Georgetown, named after Prince George who later became George II, was founded in 1730 and is the third oldest city in South Carolina. One of the heroes of the area is Francis Marion, also known as the “Swamp Fox”, who used guerrilla warfare and eluded the British during the Revolutionary War by traveling along swamp paths. The character Benjamin Martin in the movie “The Patriot” is loosely based on Marion’s life. Indigo (dyestuff) and rice were major crops and the seaport exported more rice than any port in the world at one time.
HAPPY MEMORIAL DAY! This is us from the town dock, I loved that it was close enough to row Ginger to shore (also public restrooms for humans were nearby). There was a "Don't Feed the Alligators" sign at the dock. We didn't see any but evidently they're plentiful in the rivers and marshes in the area.
We did our own walking tour of the historic district where more than 50 buildings and sites are listed on the National Register of Historic Places.
The town did a great job with this 1500 foot Harborwalk. A number of restaurants on Front Street have access to it with outdoor seating.
The William Doyle Morgan House (c. 1880). This one was beautifully restored.
This historic home is now a Bed and Breakfast. I thought the porch looked really inviting.
Here's one of the lovely streets lined with Live Oaks. There was a special sign for a 570-year old Champion Live Oak. They're called that because they're green year-round.
This is Prince George, Winyah, Episcopal Church (c. 1747)

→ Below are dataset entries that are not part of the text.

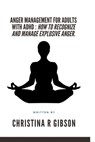 Anger Management for Adults with ADHD: How To Recognize And Manage Explosive Anger. - Christina R. Gibson - 9798372622647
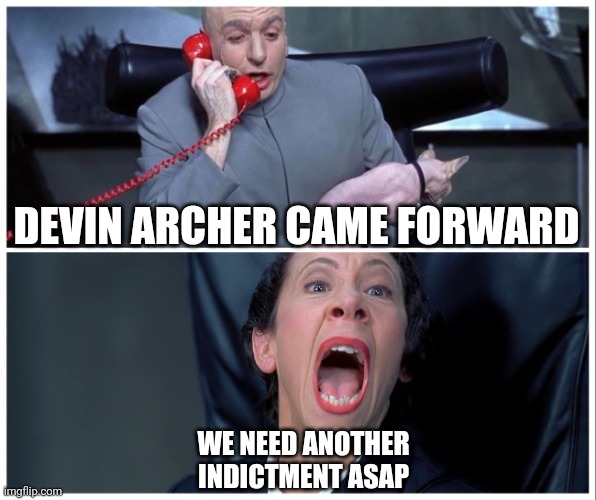 Dr Evil and Frau Yelling | DEVIN ARCHER CAME FORWARD; WE NEED ANOTHER INDICTMENT ASAP | image tagged in dr evil and frau yelling | made w/ Imgflip meme maker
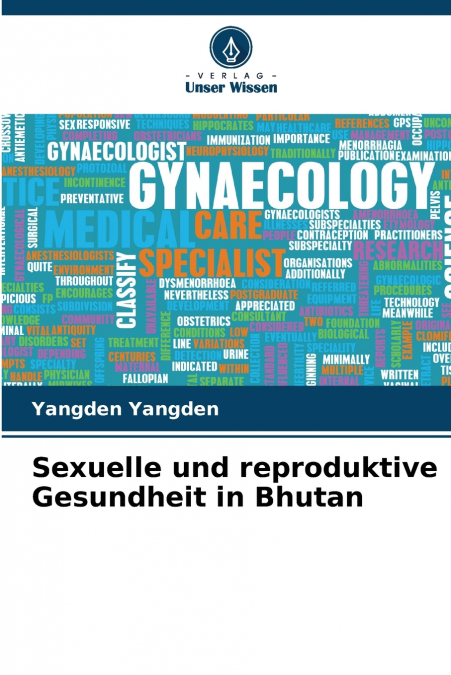 Sexuelle und reproduktive Gesundheit in Bhutan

Prince George is one of the few original church buildings still in use in South Carolina dating to the colonial period. The box pews were customary in colonial times. The pews were assigned a number and members owned their pew!

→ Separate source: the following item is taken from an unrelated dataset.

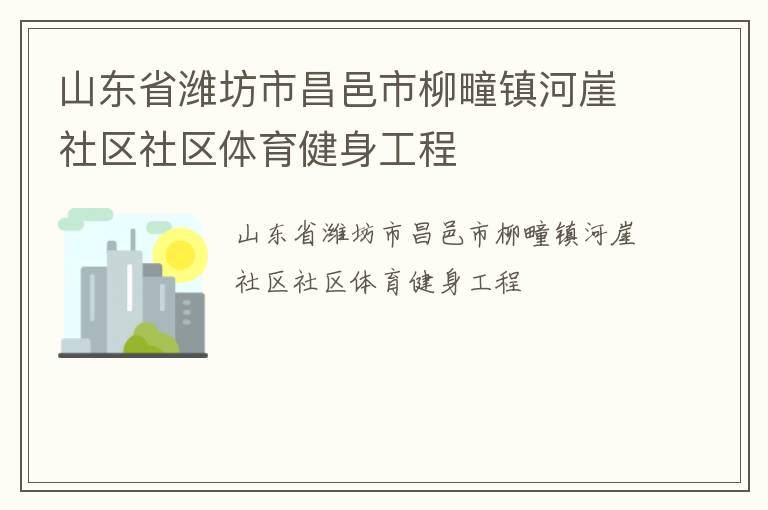 山東省濰坊市昌邑市柳疃鎮(zhèn)河崖社區(qū)社區(qū)體育健身工程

Since there was no heat in the church, pew owners frequently brought charcoal burners from their carriages in cold weather and the pews retained the heat. The "good old days"?

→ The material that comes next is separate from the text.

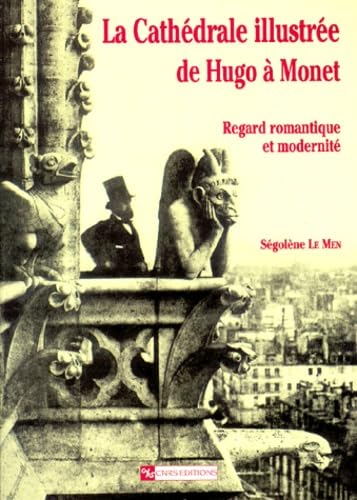 La cathédrale illustrée de Hugo à Monet : Regard romantique et modernité book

Another inviting porch on a lovely old southern home.
The sign below explains the historic building above.
A "watch cat" sleeping on the job inside a store on Front Street.
This town landmark also houses the Rice Museum (c. 1842). It was originally an open-air market. Surrender papers were signed here in 1865.
That's all for Georgetown, we really enjoyed our two nights anchored here. The only downside was the "pungent" odor from the paper/pulp mill when the wind was right. It was very similar to the air when you're nearing Kaukauna on Hwy. 41 in Northeast Wisconsin (many of you will relate!)